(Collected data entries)
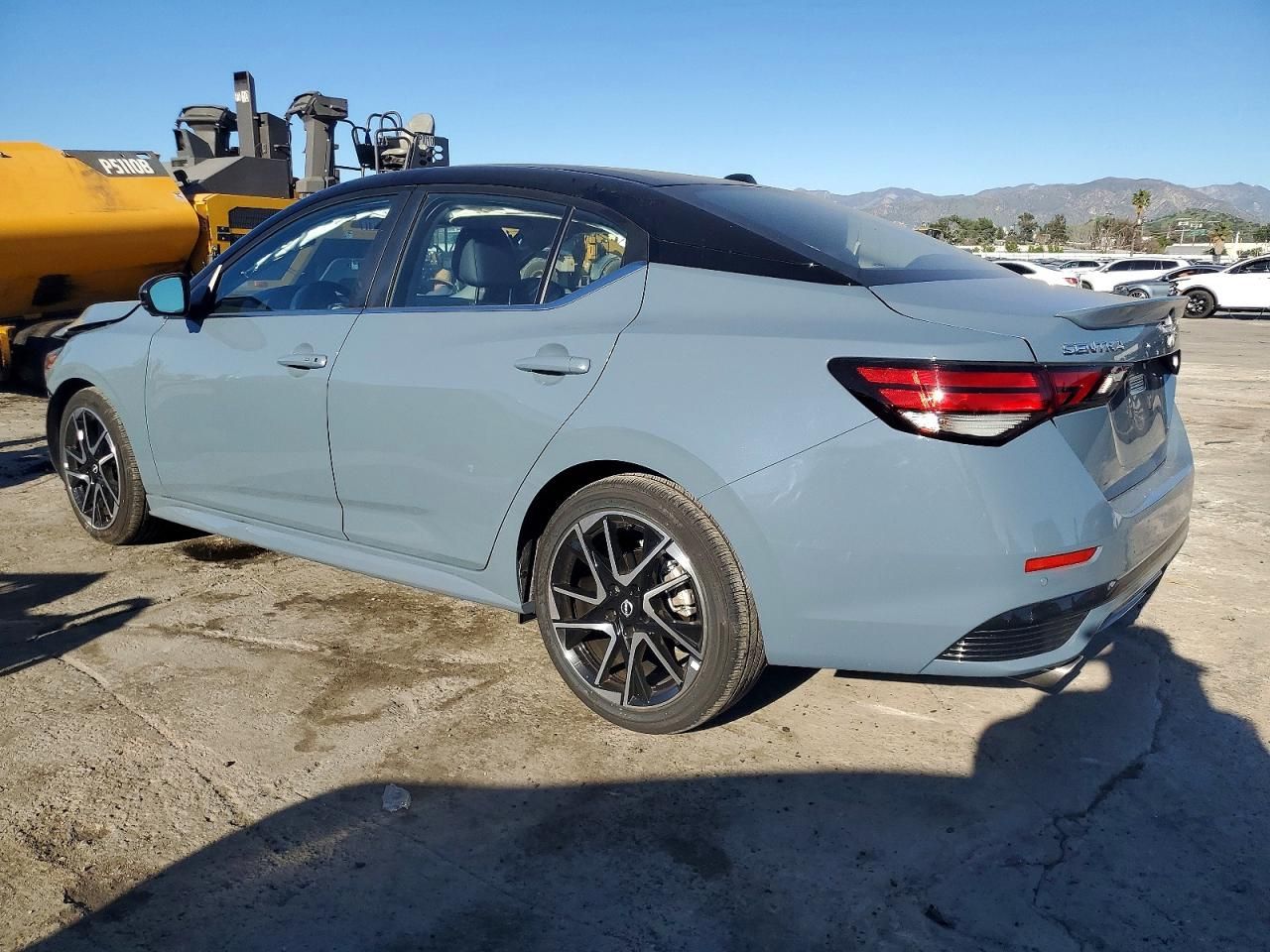 2025 Nissan Sentra sr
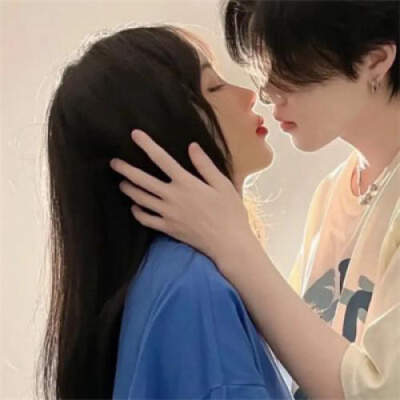 2023温柔相恋情头超幸福 很宠溺的情头最热门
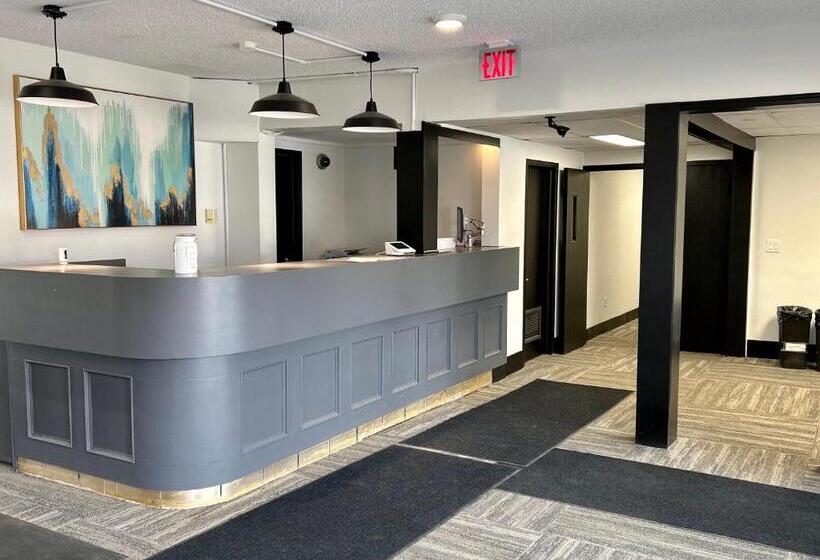 Отель Anavada Inn & Suites Grande Prairie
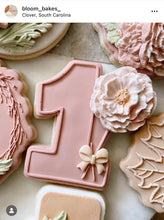 Load image into Gallery viewer, Balloons number cookie cutter debosser bouquet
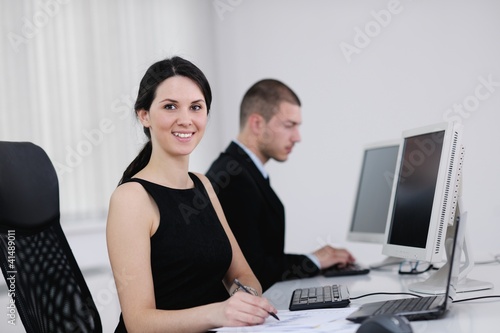 Foto: business people group working in customer and help desk office business people group working in customer and help desk office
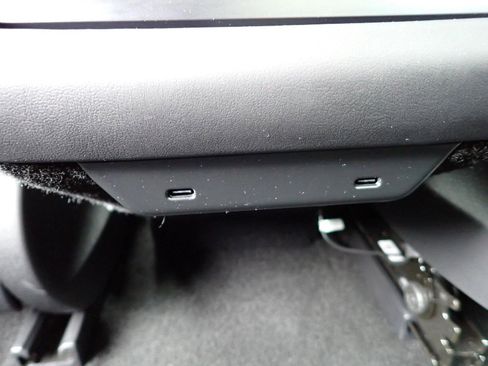 Used 2025 Tesla Model 3 Long Range RWD image 9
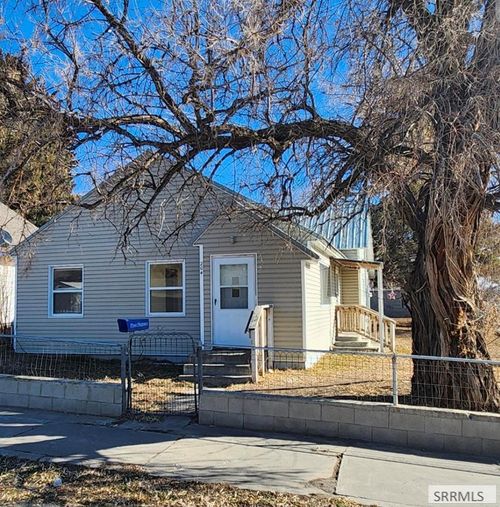 204 E Grand Ave, Arco, ID, 83213 | Card Image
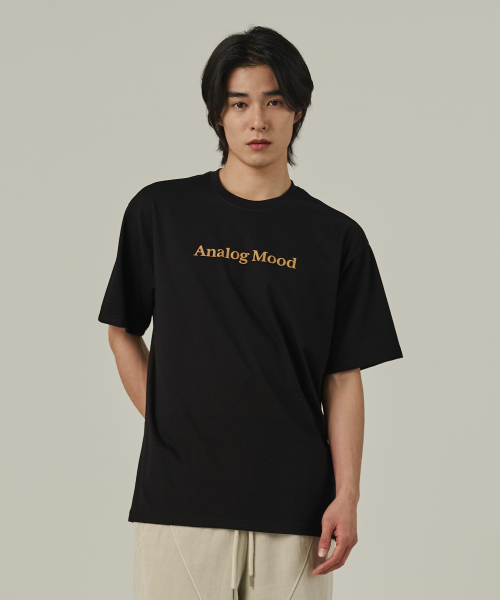 ANALOG MOOD(アナログムード)の「ベーシックロゴ半袖Tシャツ(ブラック)(Tシャツ/カットソー・メンズ・その他・S/M/L/XL/2XL)」の1枚目の写真
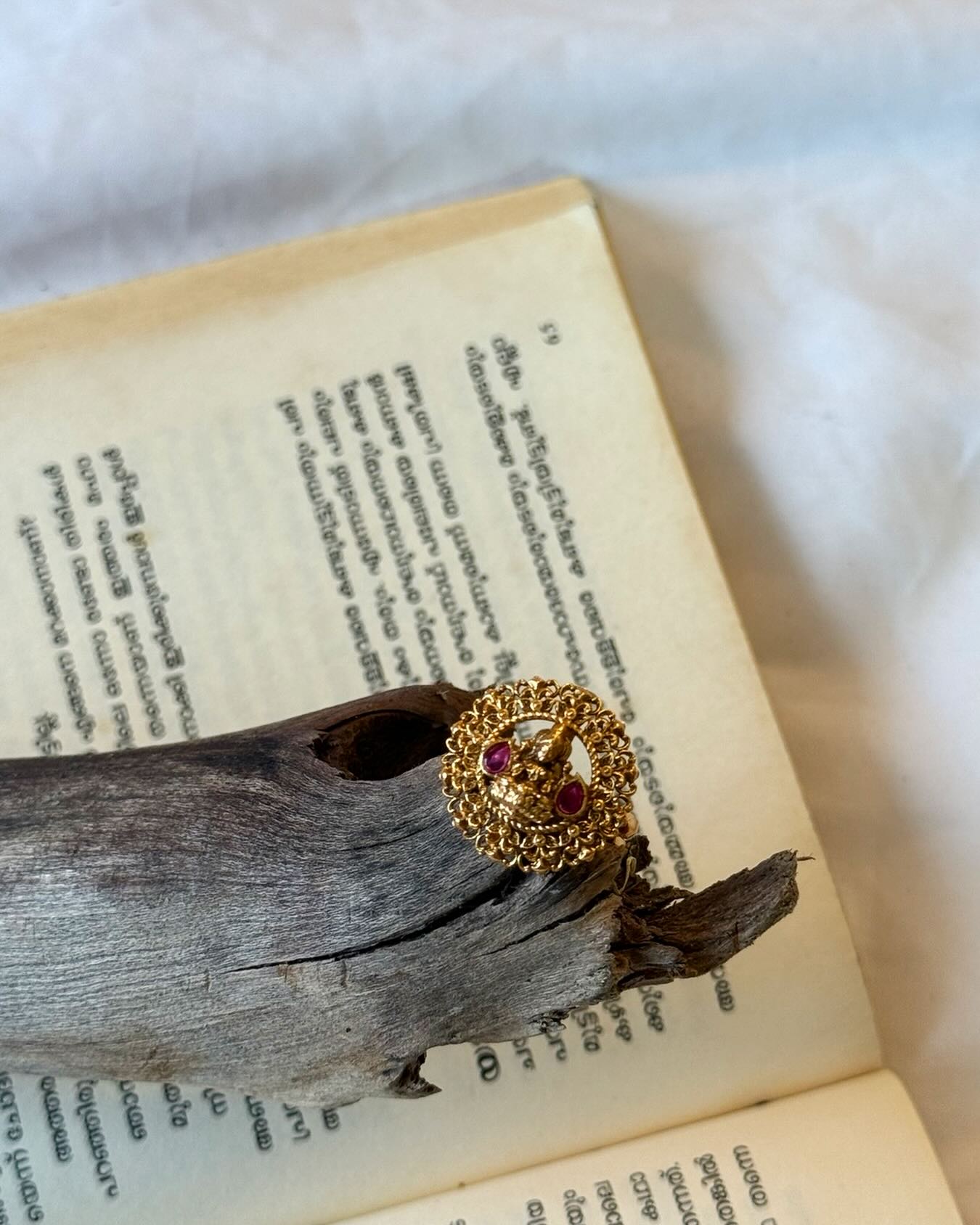 Premium Qualitylakshmi Motif With Ruby Stones Gold Ring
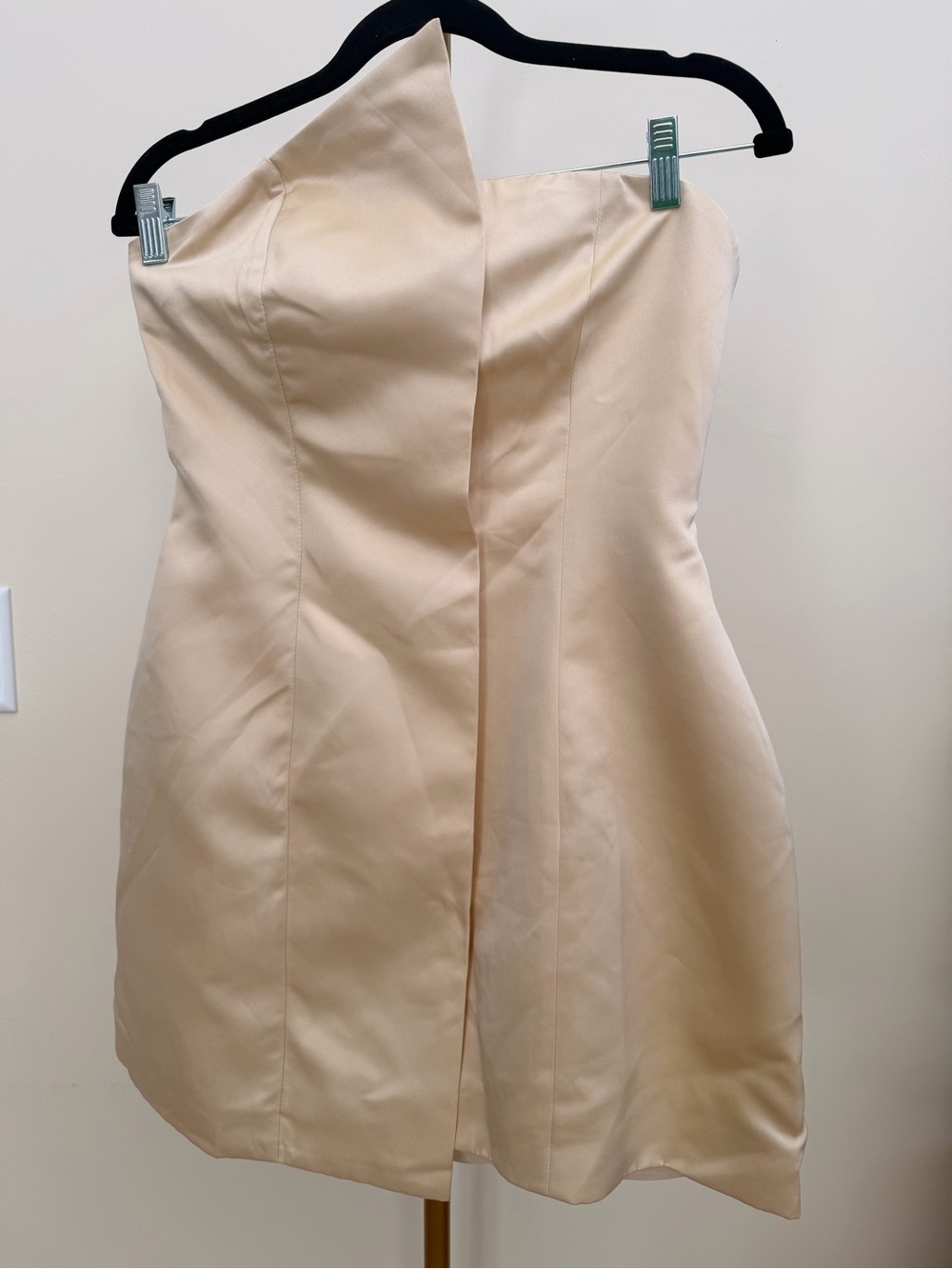 Commense Strapless Satin Mini Dress in Light Cream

● **Assignment**
Copy out every entry exactly as written, but not the pictures.

● **Final answer**
 2025 Nissan Sentra sr
 2023温柔相恋情头超幸福 很宠溺的情头最热门
 Отель Anavada Inn & Suites Grande Prairie
 Load image into Gallery viewer, Balloons number cookie cutter debosser bouquet
 Foto: business people group working in customer and help desk office business people group working in customer and help desk office
 Used 2025 Tesla Model 3 Long Range RWD image 9
 204 E Grand Ave, Arco, ID, 83213 | Card Image
 ANALOG MOOD(アナログムード)の「ベーシックロゴ半袖Tシャツ(ブラック)(Tシャツ/カットソー・メンズ・その他・S/M/L/XL/2XL)」の1枚目の写真
 Premium Qualitylakshmi Motif With Ruby Stones Gold Ring
 Commense Strapless Satin Mini Dress in Light Cream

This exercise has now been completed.